In this post I’m going to describe a small event loop built for small applications instead. I wrote it originally for amused, my music player, and then used it also for telescope, my “small internet” browser.
amused: minimalistic music player
telescope: multi-protocol browser for the small internet
It’s a small event loop library that supports callbacks for file descriptor activities, signals and timers, all in about 500 lines of code, counting comments and blanks.
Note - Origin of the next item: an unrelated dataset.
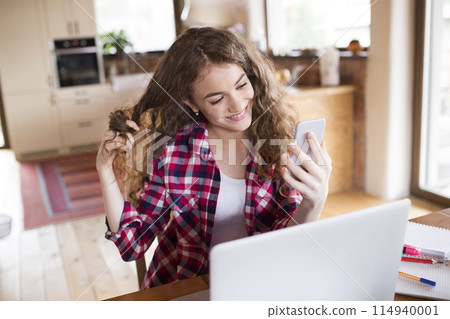 A beautiful university student is writing her thesis on a laptop, sitting at home on the couch. 114940001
It doesn’t provide any buffered I/O facility like libevent’ bufferevents, but it’s easy to plug another layer on top: telescope uses a ‘bufio’ layer that supports TLS too, and it’s, again, less than 500 lines (blanks et al.)
It uses poll(2) is because it’s an event loop for small programs and because it’s portable. It is still possible to provide the same API using a different backend, so select(2), kqueue(2), or epoll(2) could be used if needed.
Like most small things, it’s compact and written with the actual usage in mind. It is still simple and flexible enough to adapt (and to be easily adapted) for other usages as well. When applicable, I’ll also discuss some different implementation choices. Finally, and most importantly, it’s been both educative and fun to write.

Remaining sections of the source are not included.